■ Saved entries
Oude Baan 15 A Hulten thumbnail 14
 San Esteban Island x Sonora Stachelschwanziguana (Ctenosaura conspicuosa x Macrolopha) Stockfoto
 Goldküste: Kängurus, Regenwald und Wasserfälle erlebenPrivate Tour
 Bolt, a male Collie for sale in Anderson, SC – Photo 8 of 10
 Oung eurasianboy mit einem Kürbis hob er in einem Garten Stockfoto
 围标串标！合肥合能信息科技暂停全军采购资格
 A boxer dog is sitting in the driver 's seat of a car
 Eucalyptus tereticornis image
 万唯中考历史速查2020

■ Exercise
Please transcribe the entries above exactly as written.

■ Exercise output
Oude Baan 15 A Hulten thumbnail 14
 San Esteban Island x Sonora Stachelschwanziguana (Ctenosaura conspicuosa x Macrolopha) Stockfoto
 Goldküste: Kängurus, Regenwald und Wasserfälle erlebenPrivate Tour
 Bolt, a male Collie for sale in Anderson, SC – Photo 8 of 10
 Oung eurasianboy mit einem Kürbis hob er in einem Garten Stockfoto
 围标串标！合肥合能信息科技暂停全军采购资格
 A boxer dog is sitting in the driver 's seat of a car
 Eucalyptus tereticornis image
 万唯中考历史速查2020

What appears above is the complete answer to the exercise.